La posizione dell'Italia nel conflitto Ucraina - Russia

[Torna su]
Quesito a cui si aggiunge anche quello che si riferisce alla posizione dell'Italia in relazione all'attuale conflitto est europeo.
Il Premier Draghi, come riportato da Today Italia, ha dichiarato nell'informativa alle Camere: "Le forze italiane che prevediamo essere impiegate dalla Nato sono costituite da unità già schierate in zona di operazioni. Circa 240 uomini attualmente schierati in Lettonia, insieme a forze navali, e a velivoli in Romania; e da altre che saranno attivate su richiesta del Comando Alleato. Per queste, siamo pronti a contribuire con circa 1400 uomini e donne dell'Esercito, della Marina e dell'Aeronautica, e con ulteriori 2000 militari disponibili. Le forze saranno impiegate nell'area di responsabilità della Nato e non c'è nessuna autorizzazione implicita dell'attraversamento dei confini. L'Italia e la Nato vogliono trasmettere un messaggio di unità e solidarietà alla causa ucraina e di difesa dell'architettura di sicurezza europea".
"Il ritorno della guerra in Europa non può essere tollerato" ha affermato a chiare lettere il premier, riporta Il Sole 24 Ore, ribadendo "il pieno sostegno italiano all'integrità territoriale e alla sovranità dell'Ucraina".
Dichiarazioni concretizzate in un decreto urgente emanato per fronteggiare l'invasione dell'Ucraina e che prevede aiuti, potenziamento delle attività dell'Unità di crisi del Ministero degli Affari esteri, potenziamento del personale militare per la Nato e la semplificazione delle procedure necessarie per dare sostegno e aiuto all'Ucraina.

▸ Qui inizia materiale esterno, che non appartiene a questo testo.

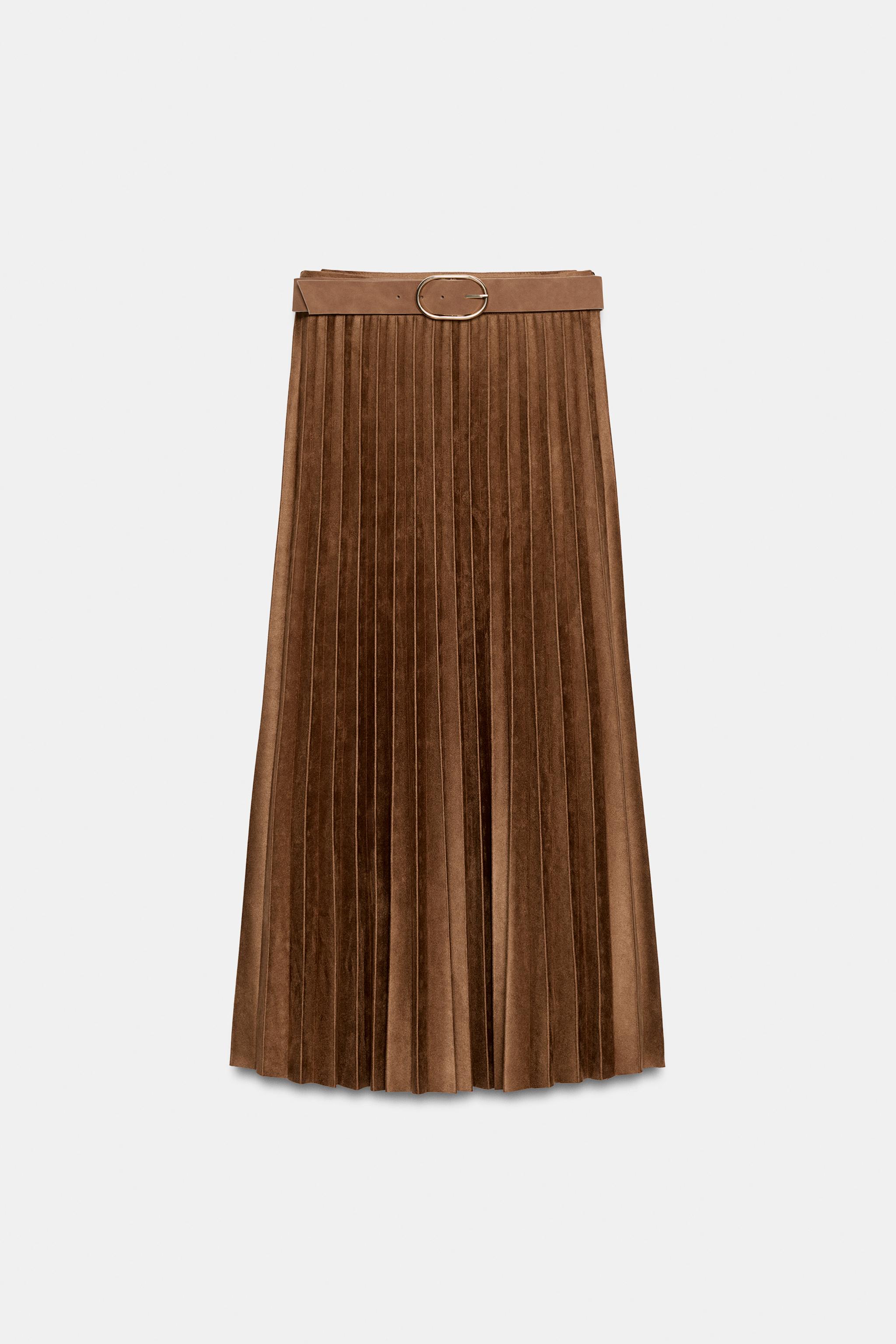 PLEATED MIDI SKIRT WITH BELT - Khaki | ZARA South Africa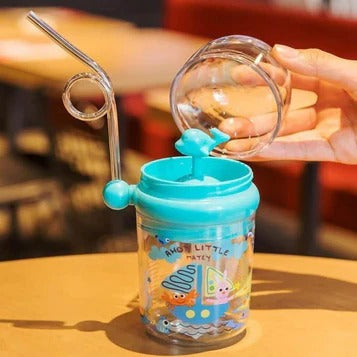 Whale Spray Water Bottle with Straw and Cup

Il Corriere della Sera, sul coinvolgimento diretto dell'Italia nel conflitto, chiarisce: "Naturalmente per un eventuale coinvolgimento nelle operazioni della Nato serve un voto del Parlamento che autorizzi la missione". In ogni caso, riporta sempre il Corriere della Sera, "le basi Nato in territorio italiano — Vicenza e Sigonella — sono già pienamente operative."

L'Italia, da Costituzione, "ripudia la guerra" (art. 11 Cost.). Tuttavia, l'aspetto da tenere a mente è che l'Italia è membro della Nato e, come affermato dal ministro della difesa Guerini, alla stessa, intende fornire il "pieno supporto alle misure che verranno decise".

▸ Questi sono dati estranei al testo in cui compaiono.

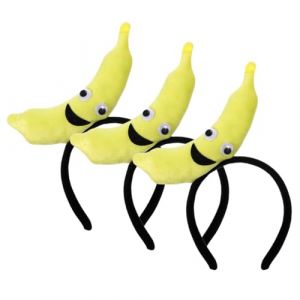 WEKADRIN Lot de 3 Bandeaux Banane Fruit&eacute;s en Peluche Jaune Vif Accessoire de D&eacute;guisement Tropical pour F&ecirc;te Hawa&iuml;enne Cosplay et Costume Amusant Serrage-T&ecirc;te L&eacute;ger et R&eacute;utilisable (CIUUNIG, neuf)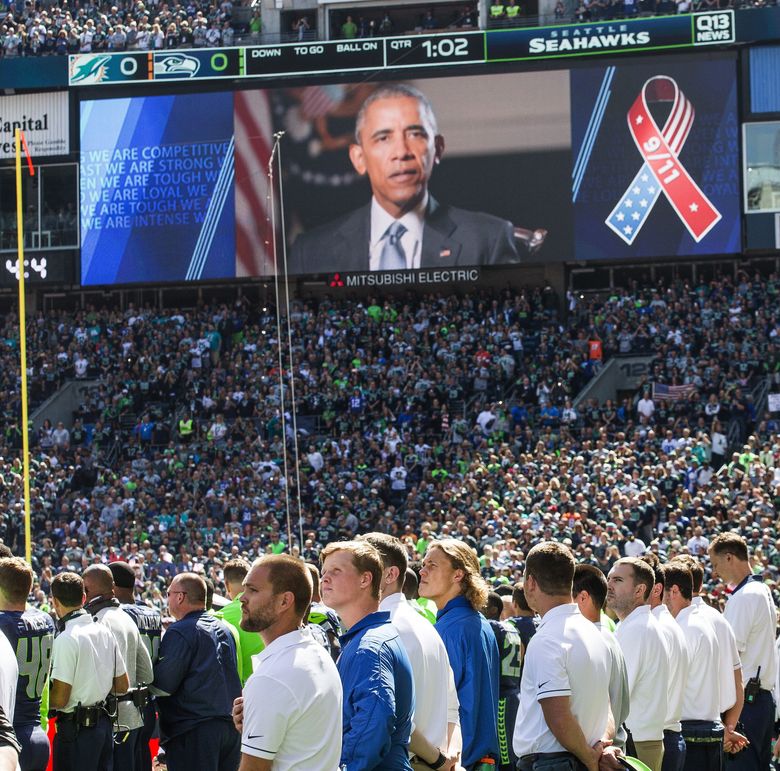 Dolphins, Seattle Seahawks stay in locker room, kneel during anthem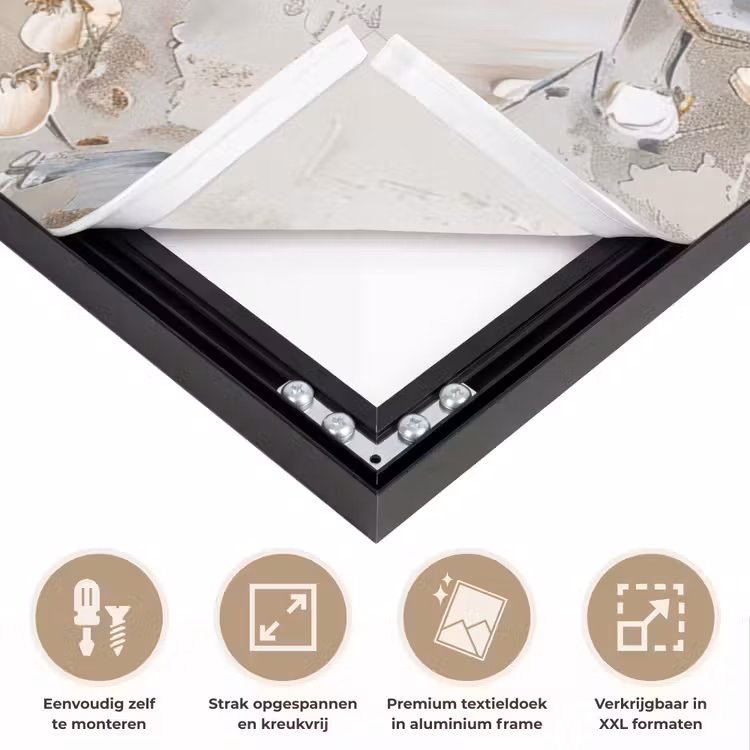 Art Frame - Bloemen - Wit - Goud - Beige - Luxe — 8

Ciò significa, dunque, mezzi militari, disposizione di basi e maggior coinvolgimento in alcune operazioni.

Ed è questo, in sostanza, quanto concretizzato con il decreto urgente approvato dal Consiglio dei Ministri (vedi comunicato stampa allegato), con cui si è disposta, tra l'altro, "la mobilitazione di ulteriori forze ad alta prontezza, denominate 'Very High Readiness Joint Task Force-VJTF”, fino al 30 settembre 2022, attraverso l’impiego di 1350 unità, 77 mezzi terrestri, 2 mezzi navali (a partire dal secondo semestre 2022) e 5 mezzi aerei", nonchè la "cessione alle autorità governative dell’Ucraina, a titolo gratuito, di mezzi e materiali di equipaggiamento militari non letali".

Trattandosi di decreto legge, l'ultima parola ovviamente spetta al Parlamento che dovrà procedere alla sua conversione in legge, pena la perdita di efficacia sin dall'inizio.

Intanto, ciò che è certo è l'impatto che il conflitto ha sul Bel Paese, in termini economici (con l'aumento del prezzo della benzina, del gas e in genere delle materie prime - e dunque delle bollette di luce e gas -, oltre a quello del grano), che si tradurrà, secondo gli esperti, in un punto di Pil in mancata crescita. Senza contare i milioni di profuga in fuga dall'Ucraina.